Po terapi mamy "nowego" człowieka - męża, żonę, partnera - i samemu wówczas trzeba się dostosować, a tego nikt nie lubi
rufio - Sob 16 Paź, 2010 19:27
Żeglarz napisał/a: | Terapia wprowadza zmianę w człowieku, |
Terapia nie wprowadza zadnych zmian - to my wprowadzamy zmiany wskutek terapii - niby niewielka róznica slów ale kolosalna jeżeli chodzi a zycie .prsk
Flandria - Sob 16 Paź, 2010 19:35
rufio napisał/a: | Terapia nie wprowadza zadnych zmian - to my wprowadzamy zmiany wskutek terapii |
zamotałeś się Rufio
terapia (tak jak napisał Żeglarz) wprowadza zmianę w człowieku
a dopiero człowiek, w skutek terapii, wprowadza zmiany w swoim życiu [jeśli oczywiście ma ochotę]
rufio - Sob 16 Paź, 2010 19:40
Niczego nie namotałem - to nie terapia sama w sobie wprowadza zmianay zmiany to my wprowadzamy a terapia jest tylko dodatkiem - książką telefoniczna - ja tak to widze .
aazazello - Sob 16 Paź, 2010 19:48
Flandra napisał/a: | terapia (tak jak napisał Żeglarz) wprowadza zmianę w człowieku
a dopiero człowiek, w skutek terapii, wprowadza zmiany w swoim życiu |
stiff - Sob 16 Paź, 2010 19:53
rufio napisał/a: | to nie terapia sama w sobie wprowadza zmianay zmiany to my wprowadzamy a terapia jest tylko dodatkiem - |
Na pewno nie dodatkiem, ale forma samooczyszczenia,
a wtedy mamy możliwość życia wg. innych standardów często zapomnianych lub nawet nam obcym...

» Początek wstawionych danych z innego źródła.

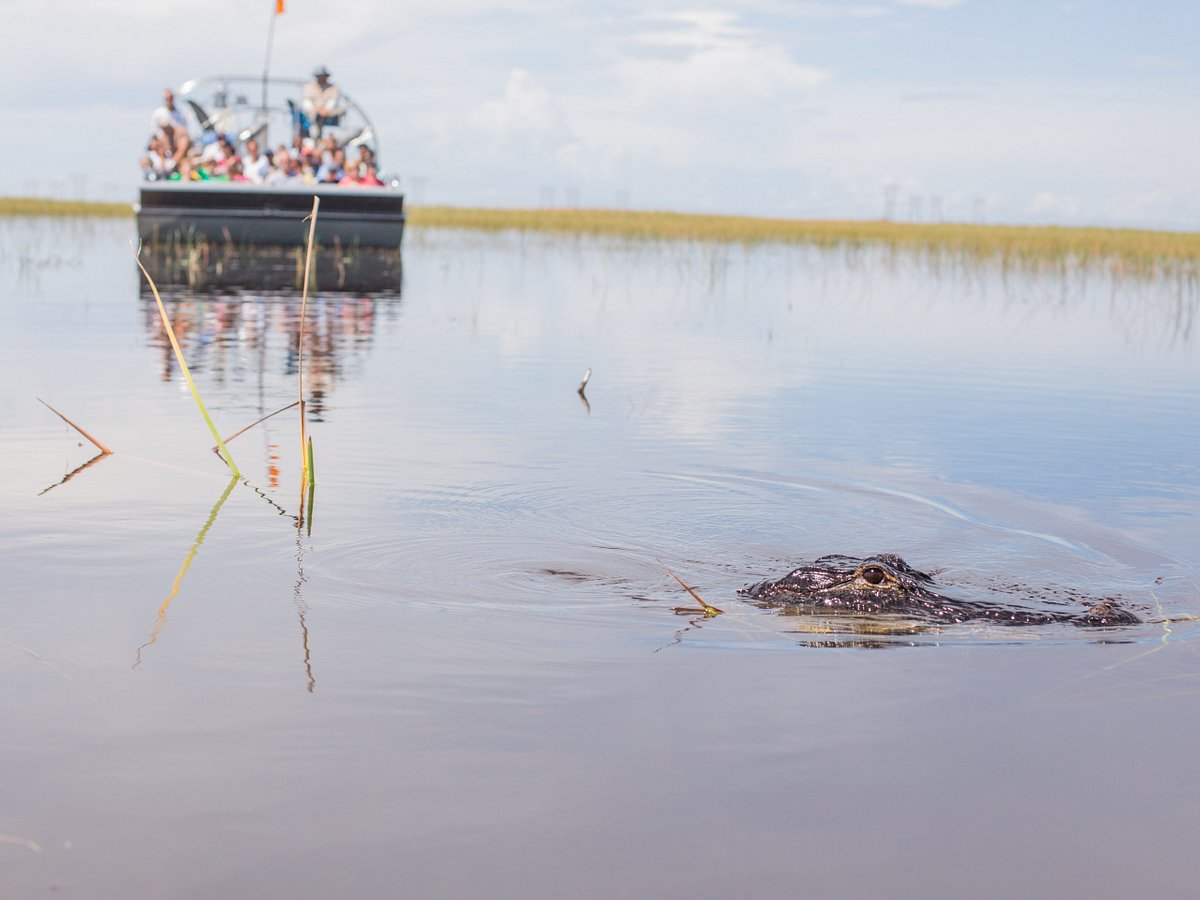Finding Alligators In Sawgrass Recreation Park, Florida - Hand Luggage Only  - Travel, Food & Photography Blog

pterodaktyll - Sob 16 Paź, 2010 21:11
rufio napisał/a: | nie terapia sama w sobie wprowadza zmianay zmiany to my wprowadzamy a terapia jest tylko dodatkiem - książką telefoniczna - ja tak to widze |
Cytat: | Flandra napisał/a:
terapia (tak jak napisał Żeglarz) wprowadza zmianę w człowieku
a dopiero człowiek, w skutek terapii, wprowadza zmiany w swoim życiu
|
......a masło jest z masła..........
Borus - Sob 16 Paź, 2010 21:42
...ja też mam dziś ciężki dzień, ale nie do tego stopnia...
stiff - Sob 16 Paź, 2010 21:44
Borus napisał/a: | ...ja też mam dziś ciężki dzień, ale nie do tego stopnia... |
pterodaktyll - Sob 16 Paź, 2010 21:44
Borus napisał/a: | ja też mam dziś ciężki dzień, ale nie do tego stopnia. |
Tomoe - Pon 18 Paź, 2010 11:15
rufio napisał/a: |
Terapia nie wprowadza zadnych zmian |
Zgadzam się.
Terapia to tylko skrzynka z narzędziami wyposażona w instrukcję ich obsługi.
Te narzędzia same niczego nie zmienią.
Zmiany w swoim życiu wprowadza użytkownik narzędzi - pod warunkiem, że posługuje się tymi narzędziami i że robi to zgodnie z instrukcją.